> _YOUR GOAL_
From the line containing "New Arrival 2015" to the last line of the data, both included, transcribe each line exactly, leaving out pictures and adding nothing.

============

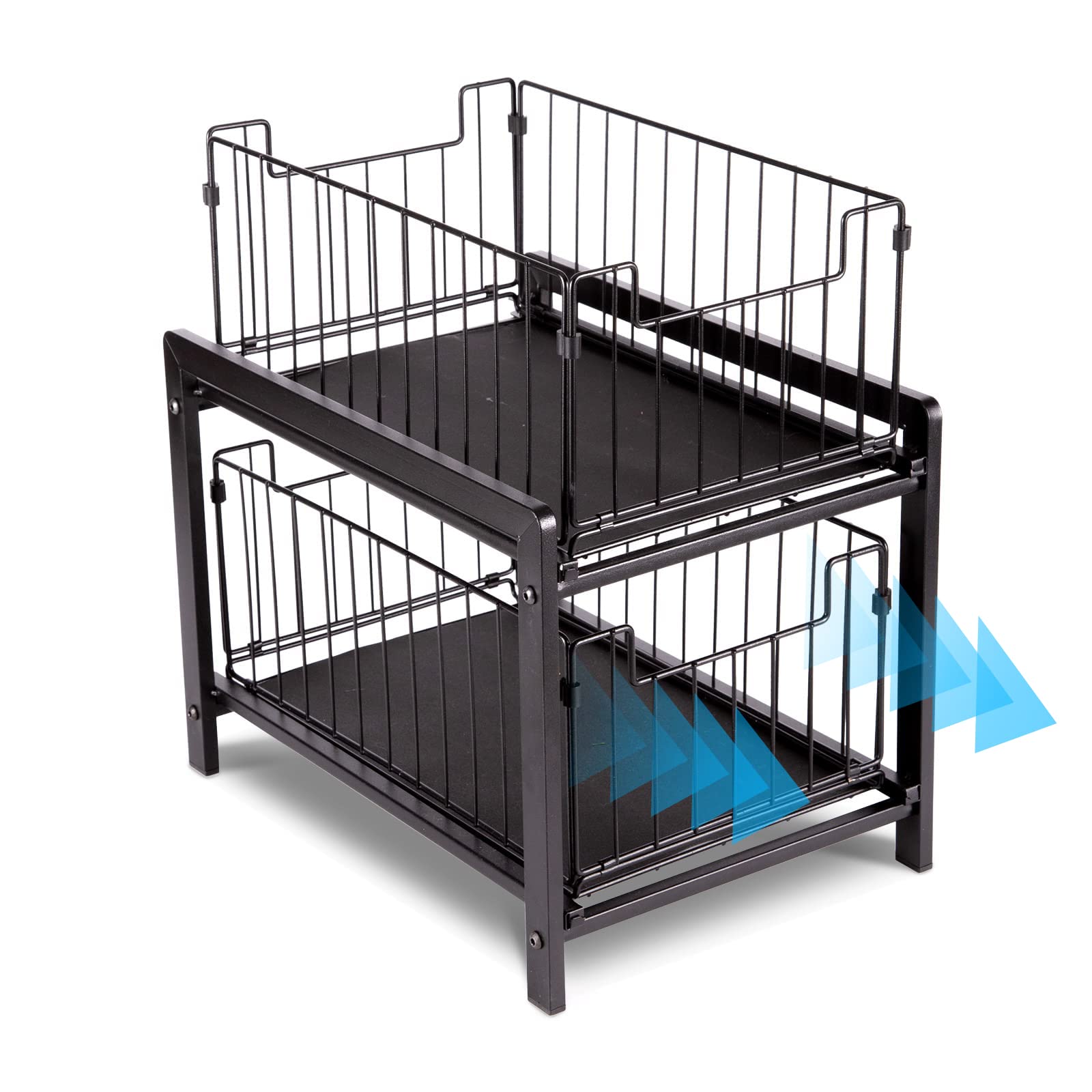 VINILITE Organizer Sottolavello Cucina con 2 Cestelli Estraibili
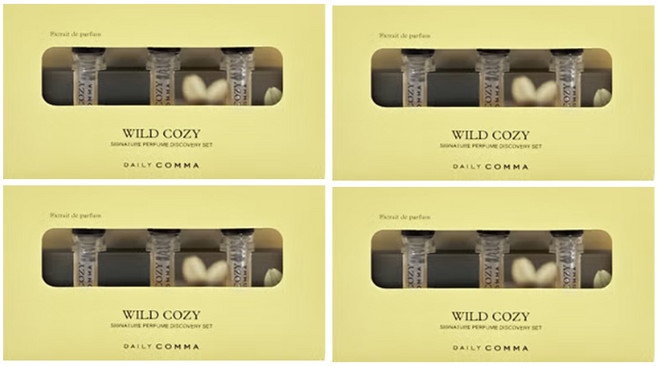 데일리콤마 시그니처퍼퓸 디스커버리세트 와일드코지 3.3ml (3ea), 4세트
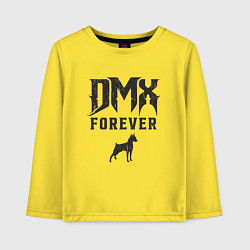 Лонгслив хлопковый детский DMX Forever, цвет: желтый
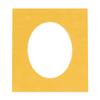 16x20 Mat Bevel Cut for 12x16 Photos - Precut Bright Yellow Oval Shaped Photo Mat Board Opening - Acid Free Matte to Protect Your Pictures - Bevel Cut for Family Photos, Pack of 1 Matboard Show Kit view 1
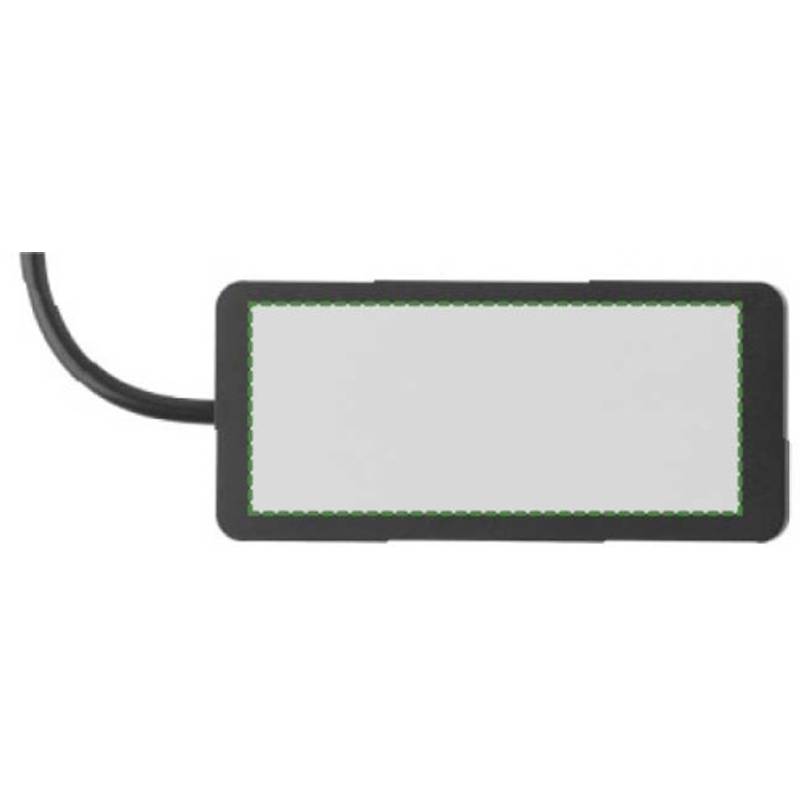 Hliníkový USB Hub Layton, černá Hliníkový USB Hub Layton, černá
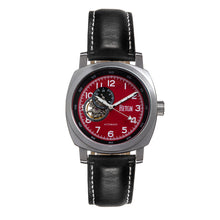 Load image into Gallery viewer, Reign Impaler Semi-Skeleton Leather-Band Watch - Red/Black - REIRN6104
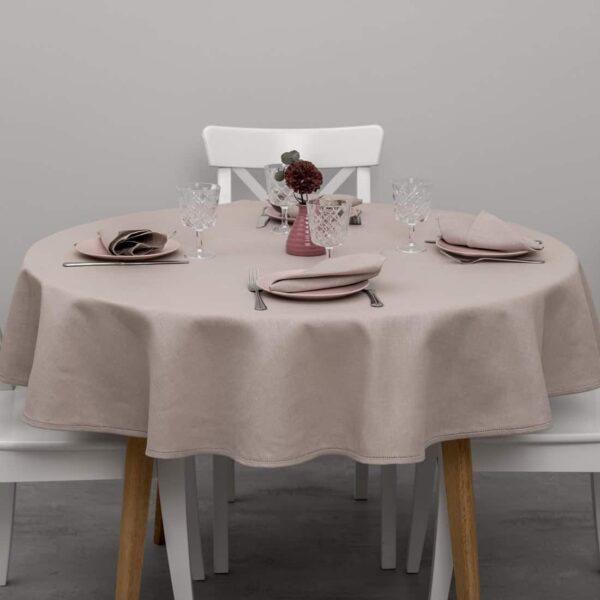 KOMA Tovaglia rotonda/ovale beige rosato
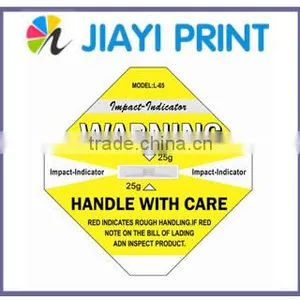New Arrival 2015 Shockwatch Damage Control Intelligent Impact Monitoring Sticker Shock Sensor Customize thumbnail-3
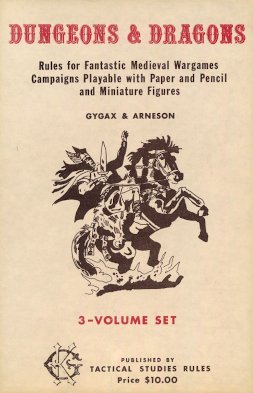 Prvé vydanie Dungeons & Dragons z roku 1974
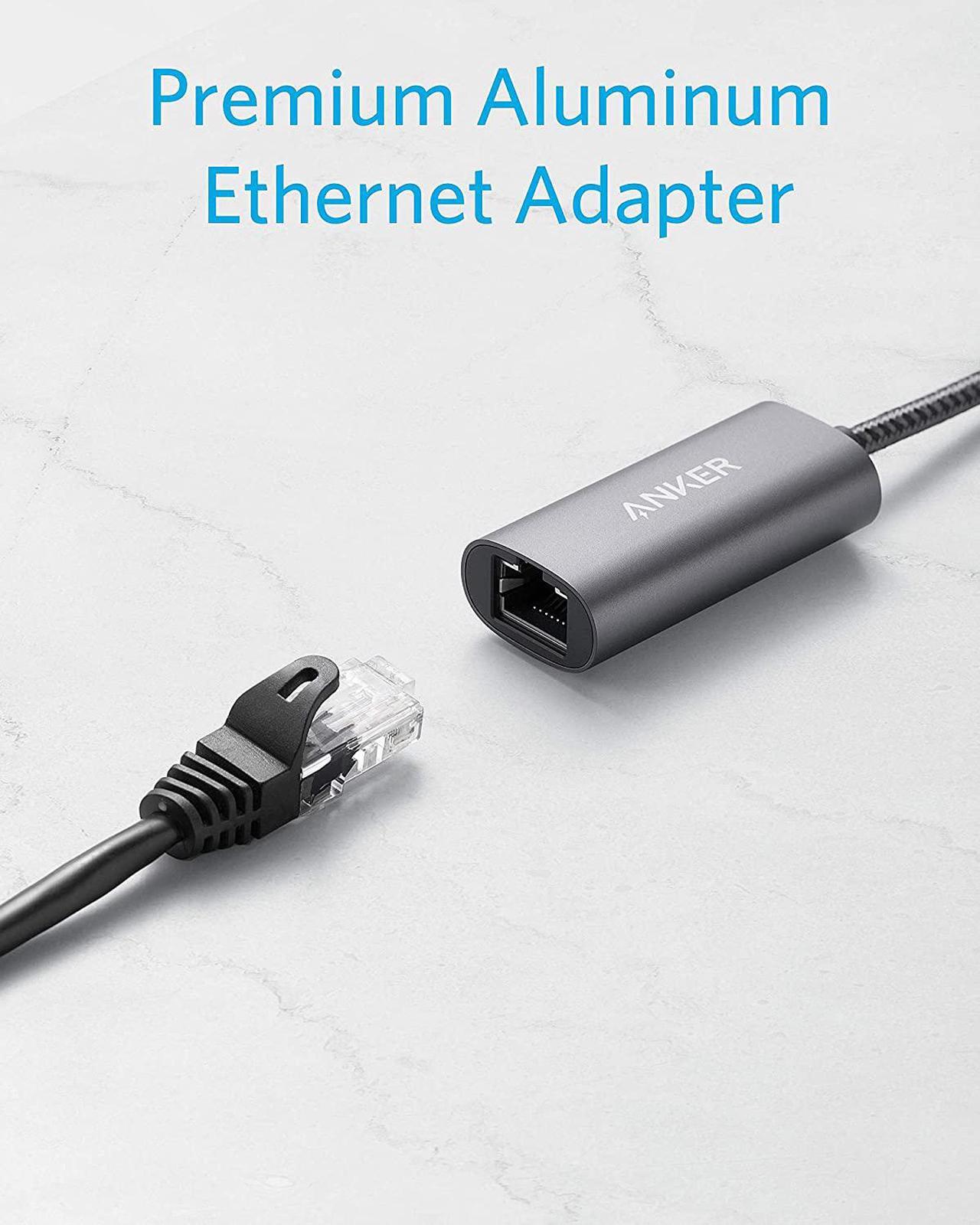 Alt view image 2 of 7 - Anker USB 3.0 to Ethernet Adapter, 2Pack, PowerExpand USB 3.0 to Gigabit Ethernet Adapter, Aluminum Portable USB-A Adapter Compatible for MacBook Pro 2015, MacBook Air 2017, and More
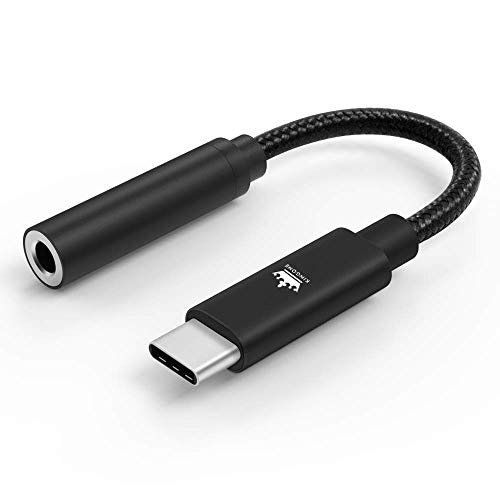 USB C 3.5mm Headphone Audio Adapter, Kingone Type C Aux Converter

============

> _FINISHED EXERCISE_
New Arrival 2015 Shockwatch Damage Control Intelligent Impact Monitoring Sticker Shock Sensor Customize thumbnail-3
 Prvé vydanie Dungeons & Dragons z roku 1974
 Alt view image 2 of 7 - Anker USB 3.0 to Ethernet Adapter, 2Pack, PowerExpand USB 3.0 to Gigabit Ethernet Adapter, Aluminum Portable USB-A Adapter Compatible for MacBook Pro 2015, MacBook Air 2017, and More
 USB C 3.5mm Headphone Audio Adapter, Kingone Type C Aux Converter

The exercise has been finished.